NASA is looking at September 23 and September 27 as possible dates for its next attempt at launching its Artemis 1 mission to the Moon, senior official Jim Free told reporters Thursday.
Two previous attempts were scrapped after the giant Space Launch System rocket experienced technical glitches including a fuel leak.
The launch window for the 23rd would open at 6:47am (1047 GMT), while the 27th would open at 11:37am (1537 GMT), added Free, associate administrator for the agency’s exploration systems development directorate.
The dates were chosen to avoid a conflict with the DART mission, in which a probe will strike an asteroid on September 26 to test its ability to divert the object.
Both missions require use of an international array of antennas called the Deep Space Network.
The launch dates still depend, however, on NASA receiving a special waiver to avoid retesting batteries on an emergency flight system that is used to destroy the rocket if it strays from its designated range to a populated area.
If it does not receive the waiver, the rocket will have to be wheeled back to its assembly building, pushing the timeline back several weeks.
Mike Bolger, exploration ground systems manager, added that teams were working to replace seals to fix the hydrogen leak issue—work that could be completed by the end of Thursday, which would pave the way for a tanking test on September 17.
The Artemis 1 space mission hopes to test the SLS as well as the unmanned Orion capsule that sits atop, in preparation for future Moon-bound journeys with humans aboard.
Once launched, it will take several days for the spacecraft to reach the Moon, flying around 60 miles (100 kilometers) at its closest approach.
The capsule will fire its engines to get to a distant retrograde orbit (DRO) of 40,000 miles beyond the Moon, a record for a spacecraft rated to carry humans.

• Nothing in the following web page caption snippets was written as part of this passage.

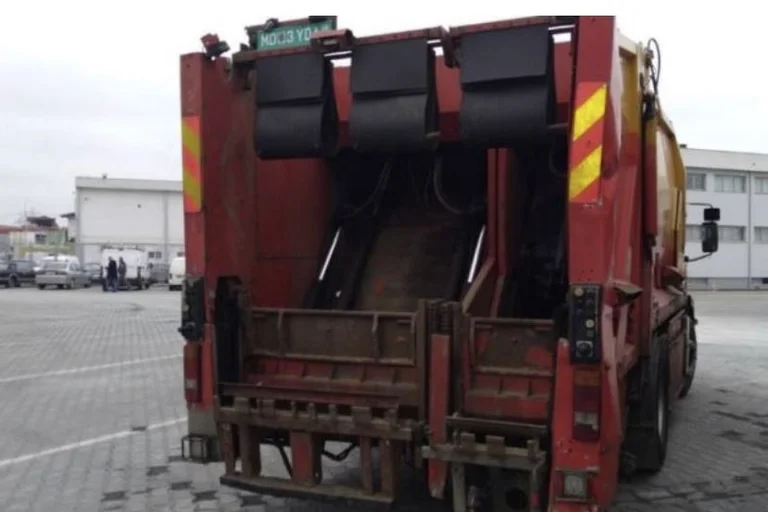 Albania: The 65-year-old died, hit inside the garbage truck.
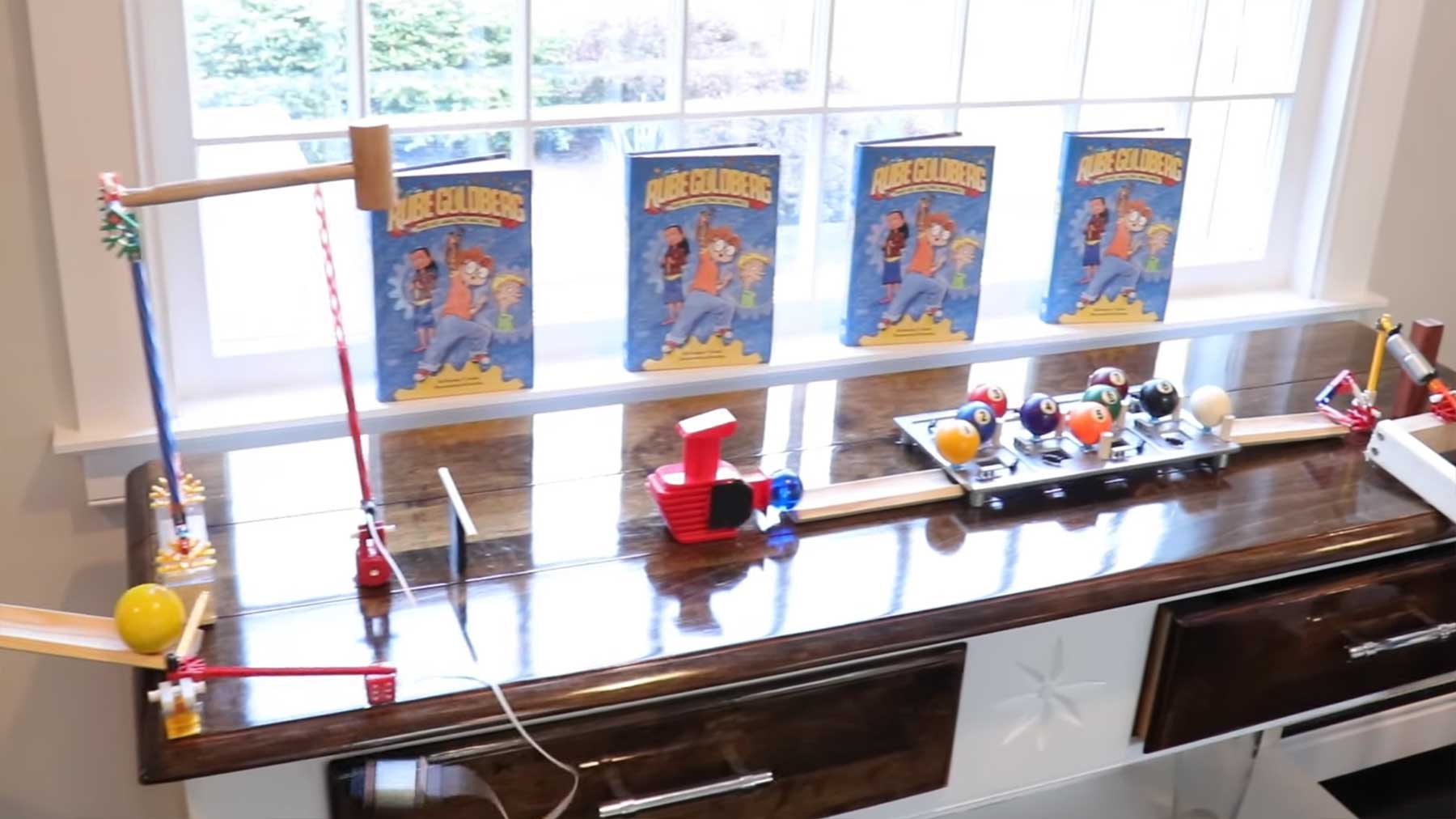 Rube Goldberg Machine, um ein Buch zu öffnen rube-goldberg-machine-buch-aufmachen 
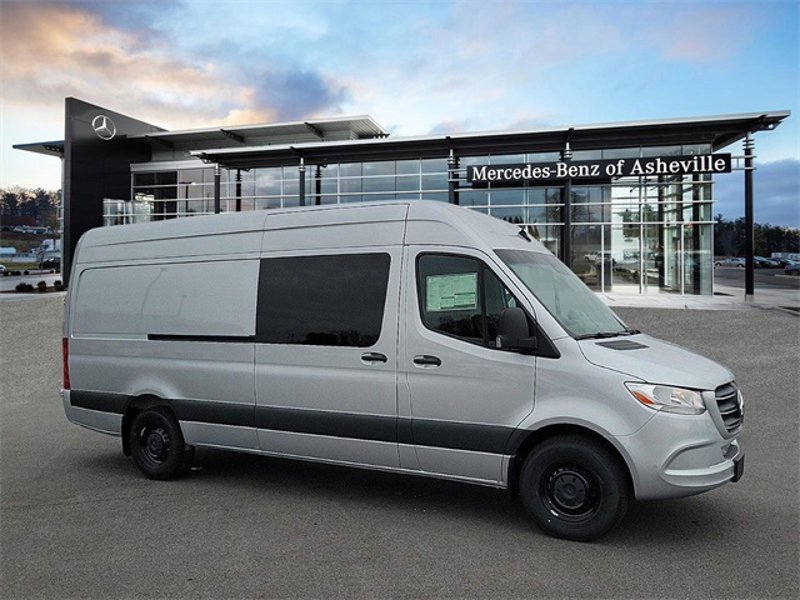 Certified 2024 Mercedes-Benz Sprinter 2500 image 1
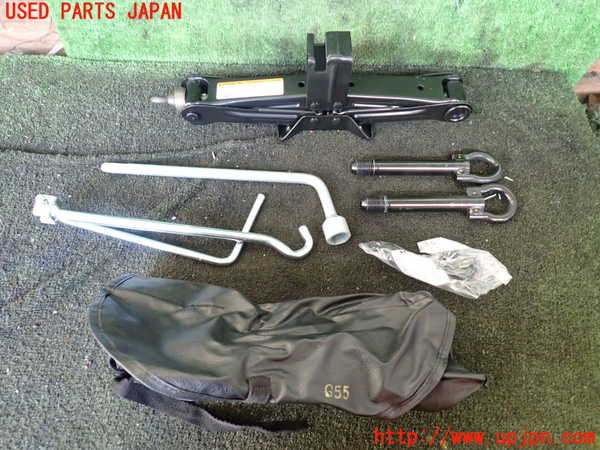 1UPJ-24757805]エスティマ(ACR50W)車載工具 中古_m0001.jpg
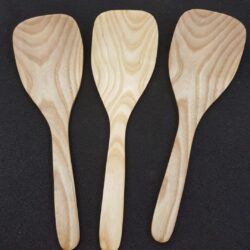 Paletta larga e curva in frassino 30-32 cm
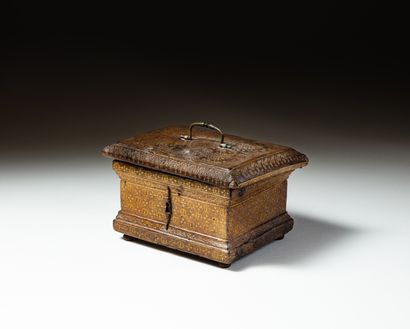 null Wooden case covered with gilded leather decorated with fine rosettes, fleur-de-lis...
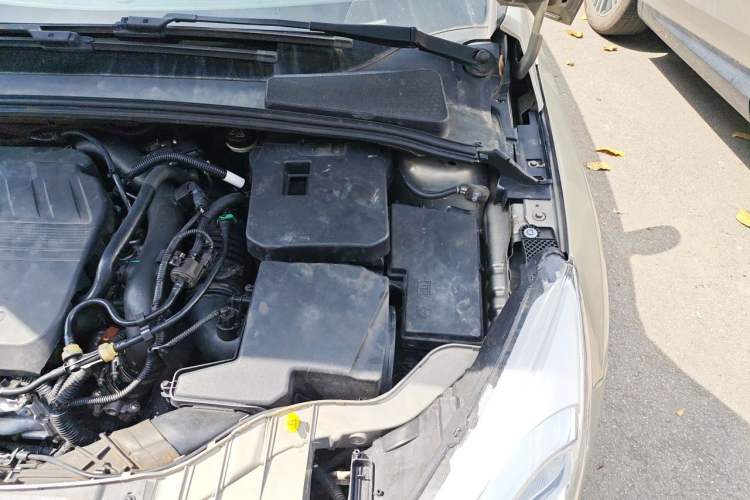 Used Ford Focus 2015 Hatchback EcoBoost 180 Automatic Elite Model Engine Bay Left
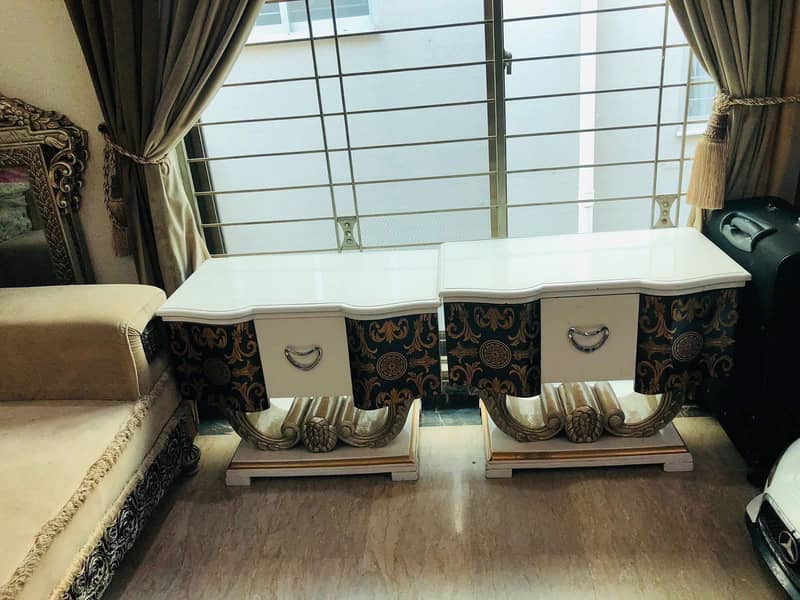 Good condition bed set 7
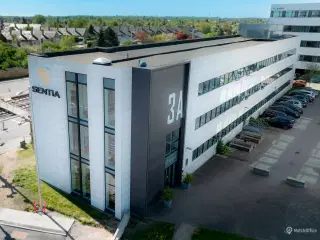 784 m² kontordomicil med stor synlighed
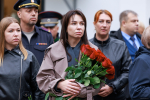 Памятник погибшим вертолётчикам открыли в Острове в региональную памятную дату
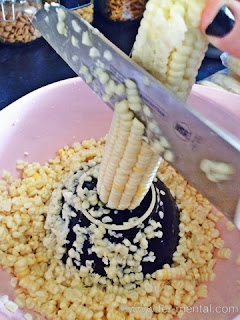 Creamed corn - removing the kernel from the cob   Preserving by Freezing  www.fer-mental.com
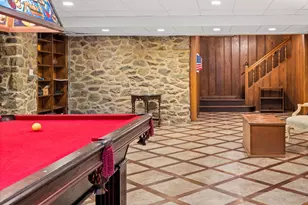 102 Cotswold Rd, Baltimore, MD 21210 - Photo 49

The trip is expected to last several weeks, and one of its main objectives is to test the capsule’s heat shield, which at 16 feet (5 meters) in diameter is the largest ever built.
Artemis is named after the twin sister of the Greek god Apollo, after whom the first Moon missions were named.
The next mission, Artemis 2, will take astronauts to the Moon without landing on its surface, while the third—set for the mid-2020s—would see the first woman and person of color on lunar soil.
NASA wants to build a lunar space station called Gateway and keep a sustained presence on the Moon to gain insight into how to survive very long space missions, ahead of a mission to Mars in the 2030s.